Quem mata Hitler? Não são os soviéticos, como na realidade. É Brad Pitt,
que encarna a figura do tenente Aldo Haine, o herói grotesco,
desumanizado — típico modelo do cinema de Tarantino — e profundamente
enraizado na mitologia do soldado norte-americano libertador e
justiceiro.
Para
completar o trio dos exemplos de discursos cinematográficos exaltadores
do “heroísmo ocidental”, Christopher Nolan realiza uma obra-prima. Em
“Dunkirk”, o resto do mundo não existe. Não há menção à resistência
soviética, à invasão da URSS, nem ao papel decisivo do Front Oriental.
Quando assistimos ao filme, ficamos com a impressão de que a guerra foi
um episódio isolado entre Alemanha e Inglaterra, com a participação
ocasional de aviadores heroicos. Através dessa produção cinematográfica,
Nolan transforma um recuo militar desesperado em glória nacionalista —
quase mitológica —, marcada pela resiliência dos soldados britânicos e
solidariedade do povo comum que vai resgatá-los com barcos civis. É
incrível a capacidade desse cineasta de fazer da Segunda Guerra Mundial
uma experiência exclusivamente anglo-norte-americana. O filme opera como
uma sofisticada peça de propaganda patriótica britânica — e, por
extensão, ocidental. O resultado é uma história emocionalmente eficaz.

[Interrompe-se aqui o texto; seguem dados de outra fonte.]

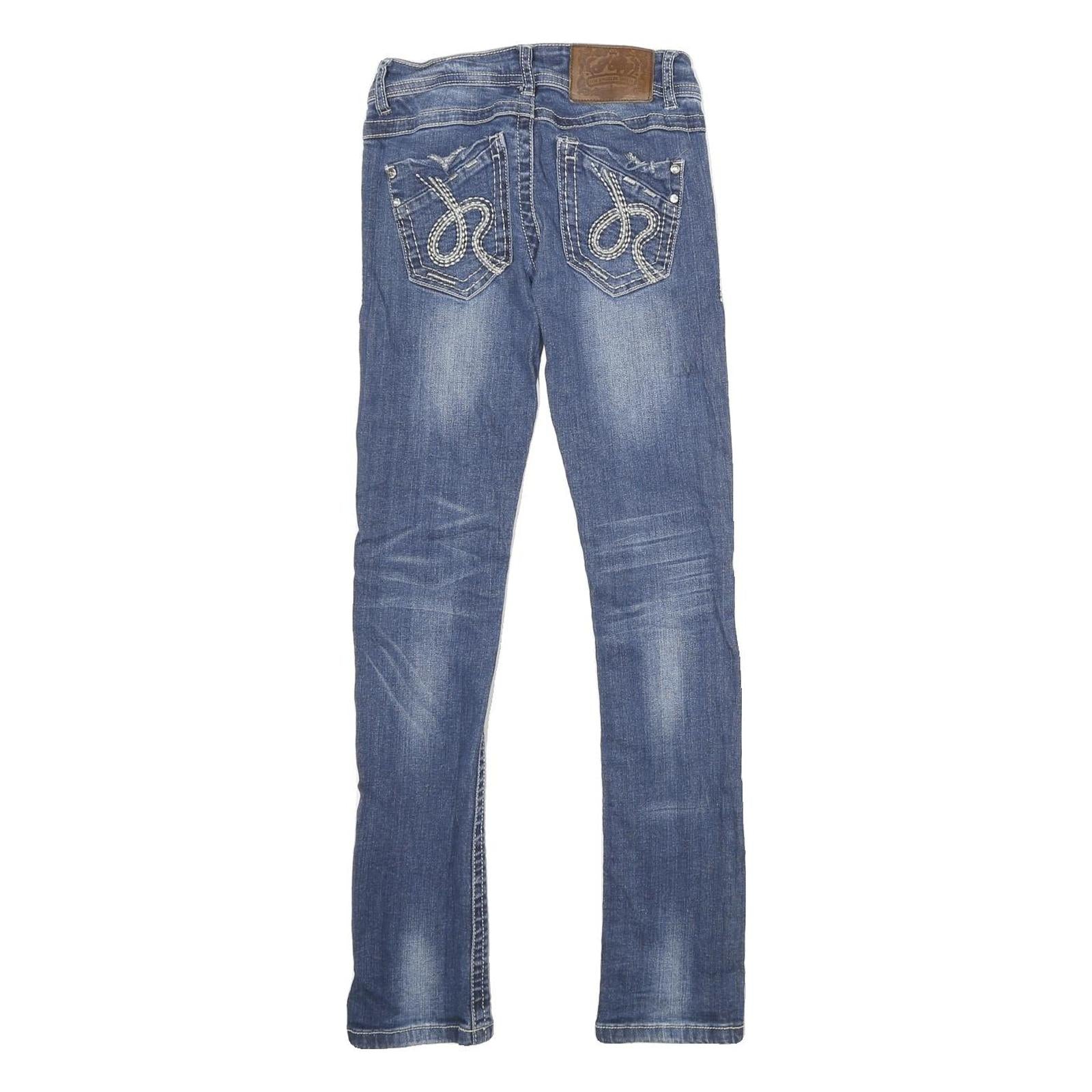 J RAG Womens Jeans Blue Slim Skinny Denim Medium W24 L30 Stylish Embellished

Mas historicamente distorcida.
Memória seletiva e ideologicamente alinhada
O
jornalismo também se insere nessa tarefa de distorcer a história da
Segunda Guerra Mundial, através de veículos como CNN, ABC, BBC e, no
Brasil, a Rede Globo, por exemplo. Essas empresas hegemónicas de
comunicação consolidaram uma narrativa que retira ao povo soviético o
direito à sua própria vitória. Em lugar disso, construíram uma epopeia
anglo-norte-americana, onde os aliados ocidentais são os “heróis
libertadores” da humanidade, e os soviéticos são, no máximo, também uma
nota de rodapé desconfortável.
Nas
reportagens especiais de aniversário do Dia D (dia do desembarque
Aliado na Normandia), por exemplo, as cenas são quase sempre as mesmas:
bandeiras dos EUA, veteranos na Normandia, discursos de presidentes
ocidentais sobre liberdade… Nenhum rosto russo nos documentários que
inundam os canais de televisão. É o que se poderia chamar de um
apagamento editorial deliberado. A CNN e a BBC, por exemplo, jamais
colocam em destaque o papel do Exército Vermelho como libertador de
Auschwitz, como se isso colocasse em risco a ordem moral da narrativa
ocidental.
A
media brasileira também não escapa. A Rede Globo, quando trata a
Segunda Guerra Mundial, faz eco à visão norte-americana, reproduzindo s
importados com legendas de conveniência. O resultado dessa operação
mediática é profundo, porque de certa forma educa — e também molda —
afetos. Mas, sobretudo, essas abordagens decidem quem é herói e quem
deve ser esquecido. E, ao fazer isso, servem a interesses que continuam
no presente. A história que a media conta não é apenas sobre o que
aconteceu, mas sobre quem merece estar no poder.
Na
narrativa da Rede Globo, o Dia D é frequentemente apresentado como o
ponto de viragem decisivo do conflito — o momento em que os Aliados
“finalmente começaram a derrotar Hitler”. Ressalta a coragem dos
soldados norte-americanos e britânicos que desembarcaram nas praias da
Normandia, a complexidade da operação militar e a imagem já cristalizada
dos “mocinhos” vencendo o mal. No entanto, sob o brilho do jornalismo
televisivo, o que se revela é uma simplificação ideológica e,
principalmente, um apagamento histórico. Essa abordagem reforça uma
memória seletiva — e ideologicamente alinhada com os interesses
ocidentais. Em vez de complexificar o conflito, mostrando as suas
contradições, as alianças tensas e os múltiplos protagonistas, a Globo o
redu-lo a um duelo entre democracias ocidentais e o mal absoluto do
nazismo — ignorando, convenientemente, que a URSS, apesar de todos os
seus paradoxos políticos, foi essencial para a vitória.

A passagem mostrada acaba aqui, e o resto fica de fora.